### Required action
Copy word for word the lines in the records below, starting at the line with "Reproducción/Reproduction 48624036692: The" and ending at the line with "Krvavec toten 'Crimson". Skip the pictures.

### Source data
◆ ◆ ◆

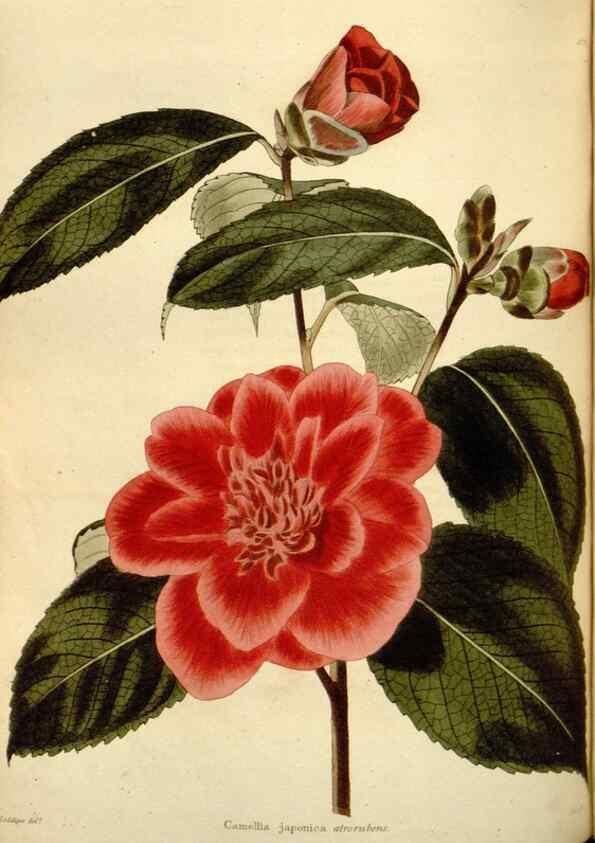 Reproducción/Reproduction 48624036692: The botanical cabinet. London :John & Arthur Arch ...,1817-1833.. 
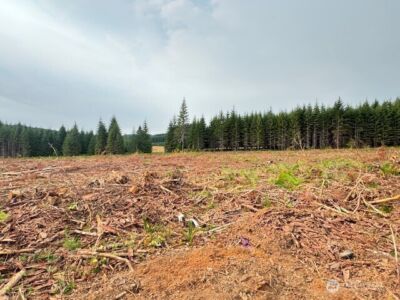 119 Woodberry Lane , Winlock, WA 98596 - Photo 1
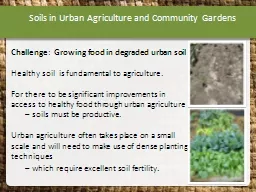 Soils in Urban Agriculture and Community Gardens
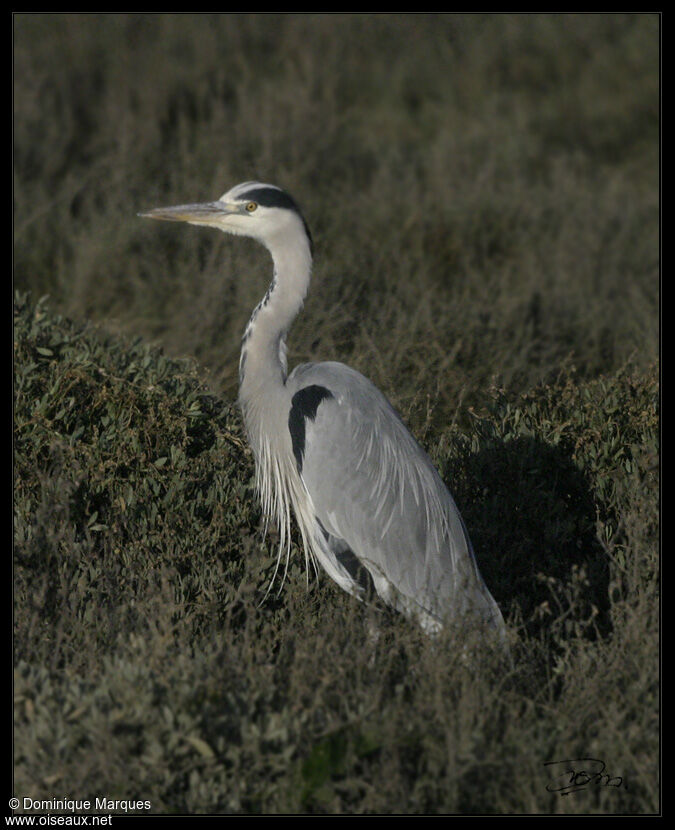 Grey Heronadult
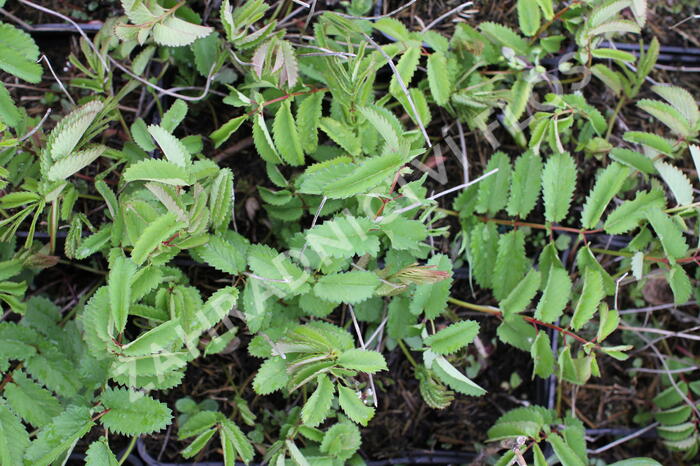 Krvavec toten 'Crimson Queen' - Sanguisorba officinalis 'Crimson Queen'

◆ ◆ ◆

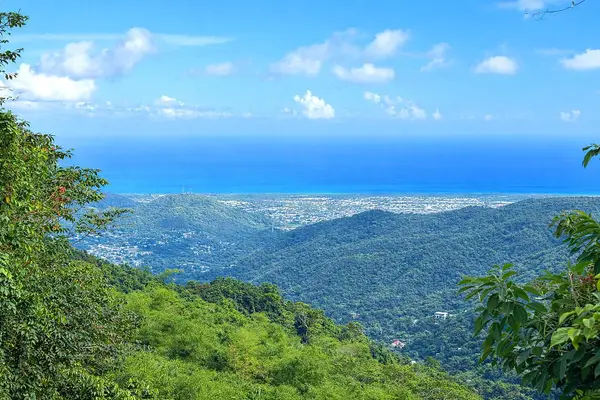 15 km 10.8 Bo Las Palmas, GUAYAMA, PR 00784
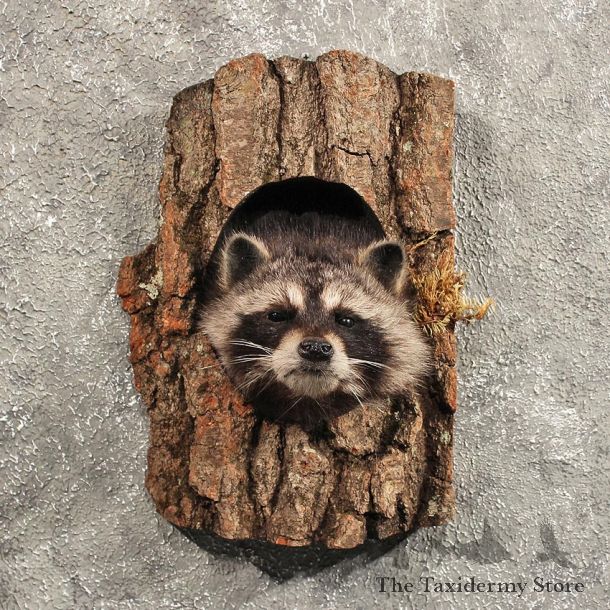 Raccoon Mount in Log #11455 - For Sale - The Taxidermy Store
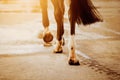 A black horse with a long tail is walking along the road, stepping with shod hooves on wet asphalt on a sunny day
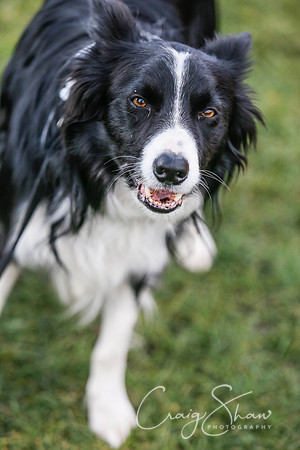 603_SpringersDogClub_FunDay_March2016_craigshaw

◆ ◆ ◆

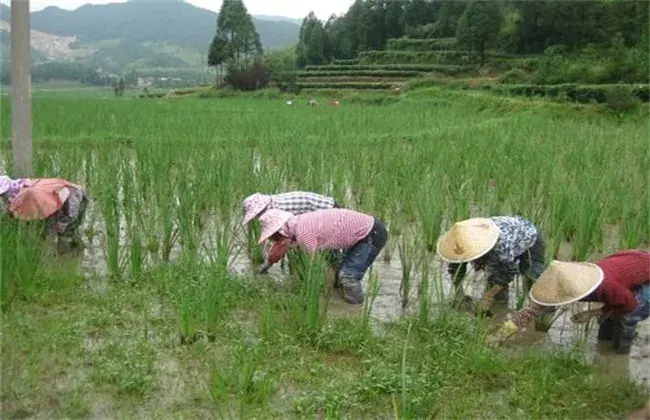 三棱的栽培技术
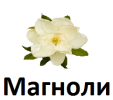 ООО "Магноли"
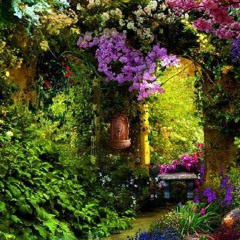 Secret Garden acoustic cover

◆ ◆ ◆

### Solution
 Reproducción/Reproduction 48624036692: The botanical cabinet. London :John & Arthur Arch ...,1817-1833.. 
 119 Woodberry Lane , Winlock, WA 98596 - Photo 1
 Soils in Urban Agriculture and Community Gardens
 Grey Heronadult
 Krvavec toten 'Crimson Queen' - Sanguisorba officinalis 'Crimson Queen'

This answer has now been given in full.